Aprender

03/04/98



Um velho de barbas brancas já deveria ter aprendido a viver, no entanto, tudo que conseguiu foi perder a esperança de um dia aprender. Conseguiu apenas olhar essa palavrinha - esperança - cheio de desconfiança e preferir dizer que ter aprendido a viver põe um ponto final na vida e eqüivale a morrer. Aprendo uma coisa qualquer. Pronto! Guardo esse saber numa gaveta - ou numa dessas pastas que o Porteiras copiou do Macintoch - guardo, e sei que está lá, que posso usar quando precisar... Não é assim que funciona?

Só que da próxima vez que precisar do que aprendi, o meu saber guardado nos antigos diretórios que viraram pastas, vou encontrar apenas verdade morta, só lembrança do que já foi verdade, em outras circunstâncias e diante de uma situação que não é aquela que me desafia agora... Cada novo desafio é um novo processo de aprendizado.

De um modo geral, me parece, preferimos as fórmulas. Alguém que nos diga: faça de tal jeito que dará certo. Pouca gente demonstra interesse ou curiosidade de ir além quando está de posse da fórmula. Somos preguiçosos, isso sim! Claro que falo, em princípio, em relação à Vida, aos desafios com as relações, no lidar com essa coisa difícil (deveria ser fácil e natural) que é viver. Para as lidas no campo da ciência, da tecnologia, é claro que esse saber engavetado é de suma utilidade. Sempre imagino o longuíssimo percurso (e quanto tempo!) um engenheiro precisaria para calcular a viga de uma ponte, por exemplo, se começasse com simples somas e subtrações (operações que podemos dizer naturais, pelo menos para os seres humanos) e seguisse somando até "perceber" a multiplicação, diante de parcelas iguais - o que por certo lhe daria um enorme prazer, essa percepção - e depois, sempre passo a passo, acabasse por descobrir a potenciação e assim por diante, até reinventar o cálculo integral e diferencial! É possível que fosse uma experiência pessoal extraordinária, mas dificilmente teríamos pontes de concreto armado...

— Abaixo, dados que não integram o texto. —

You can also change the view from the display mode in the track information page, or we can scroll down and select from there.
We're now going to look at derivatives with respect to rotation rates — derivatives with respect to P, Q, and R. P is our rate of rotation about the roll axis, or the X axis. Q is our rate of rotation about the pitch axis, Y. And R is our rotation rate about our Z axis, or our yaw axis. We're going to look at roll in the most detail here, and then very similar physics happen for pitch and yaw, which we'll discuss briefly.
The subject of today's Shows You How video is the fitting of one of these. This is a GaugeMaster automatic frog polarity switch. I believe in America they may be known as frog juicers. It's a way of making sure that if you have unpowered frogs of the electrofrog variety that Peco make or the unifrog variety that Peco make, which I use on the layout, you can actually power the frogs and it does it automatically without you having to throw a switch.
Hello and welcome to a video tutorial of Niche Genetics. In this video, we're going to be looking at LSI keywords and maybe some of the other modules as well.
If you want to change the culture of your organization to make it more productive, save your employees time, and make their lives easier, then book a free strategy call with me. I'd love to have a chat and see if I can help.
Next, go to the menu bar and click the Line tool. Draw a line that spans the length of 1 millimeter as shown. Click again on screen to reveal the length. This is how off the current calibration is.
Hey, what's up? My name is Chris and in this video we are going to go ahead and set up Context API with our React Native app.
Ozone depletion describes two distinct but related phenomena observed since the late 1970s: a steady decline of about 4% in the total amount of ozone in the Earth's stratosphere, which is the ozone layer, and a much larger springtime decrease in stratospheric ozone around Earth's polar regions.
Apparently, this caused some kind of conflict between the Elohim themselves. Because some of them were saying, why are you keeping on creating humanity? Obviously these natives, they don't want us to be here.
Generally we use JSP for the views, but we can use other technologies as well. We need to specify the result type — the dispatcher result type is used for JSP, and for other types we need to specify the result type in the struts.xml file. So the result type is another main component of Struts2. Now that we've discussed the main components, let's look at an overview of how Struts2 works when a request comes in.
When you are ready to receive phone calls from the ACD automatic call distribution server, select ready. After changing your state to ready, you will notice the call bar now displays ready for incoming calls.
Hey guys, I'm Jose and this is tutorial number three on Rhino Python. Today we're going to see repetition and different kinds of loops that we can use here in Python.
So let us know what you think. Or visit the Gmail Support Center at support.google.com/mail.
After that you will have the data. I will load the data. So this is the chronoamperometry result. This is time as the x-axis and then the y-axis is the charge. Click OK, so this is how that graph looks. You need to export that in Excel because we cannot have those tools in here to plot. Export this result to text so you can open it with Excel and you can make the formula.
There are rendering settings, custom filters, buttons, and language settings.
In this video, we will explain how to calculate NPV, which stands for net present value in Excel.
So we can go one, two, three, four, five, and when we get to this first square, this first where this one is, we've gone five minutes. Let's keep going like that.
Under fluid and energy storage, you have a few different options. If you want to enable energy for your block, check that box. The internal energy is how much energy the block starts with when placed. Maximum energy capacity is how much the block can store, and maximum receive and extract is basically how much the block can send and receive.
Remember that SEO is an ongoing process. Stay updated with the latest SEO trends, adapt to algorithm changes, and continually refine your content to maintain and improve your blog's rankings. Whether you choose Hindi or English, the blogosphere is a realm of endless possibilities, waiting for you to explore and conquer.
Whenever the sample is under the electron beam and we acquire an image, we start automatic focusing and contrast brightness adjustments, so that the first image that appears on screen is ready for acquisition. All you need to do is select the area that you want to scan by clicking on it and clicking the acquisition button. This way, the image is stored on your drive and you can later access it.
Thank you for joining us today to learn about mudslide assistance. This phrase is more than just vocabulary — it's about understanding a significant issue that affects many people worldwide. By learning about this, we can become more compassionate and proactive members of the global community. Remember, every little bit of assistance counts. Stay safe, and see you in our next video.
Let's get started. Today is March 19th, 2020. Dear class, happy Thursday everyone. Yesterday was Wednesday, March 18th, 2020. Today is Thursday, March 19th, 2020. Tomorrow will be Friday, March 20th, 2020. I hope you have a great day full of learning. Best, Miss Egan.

Apesar de brancas as barbas, jamais esquecerei a primeira prova de cálculo. Tinha dez questões e cada uma valia um ponto. A primeira era uma pergunta: o que é derivada. As outras, pediam para derivar nove funções básicas, as mais simples. Ora, recebíamos aquilo como uma tabela para ser decorada: derivada de x² = 2x, etc. (será que me enganei?) e assim por diante. Eu ficava irritadíssimo de não poder saber como se havia chegado àqueles resultados. Recusava-me a decorar a tabela das derivadas... (volto ao mesmo exemplo: seria mais ou menos como não querer decorar a tabuada). Na hora das notas experimentei um certo orgulho idiota: eu tinha tirado um, mas havia um colega que tinha tirado nove! Eu soubera explicar o que é uma derivada. Ela (era uma colega) não! Acertara as nove derivadas, decoradas, sem saber o que estava fazendo, pensava eu...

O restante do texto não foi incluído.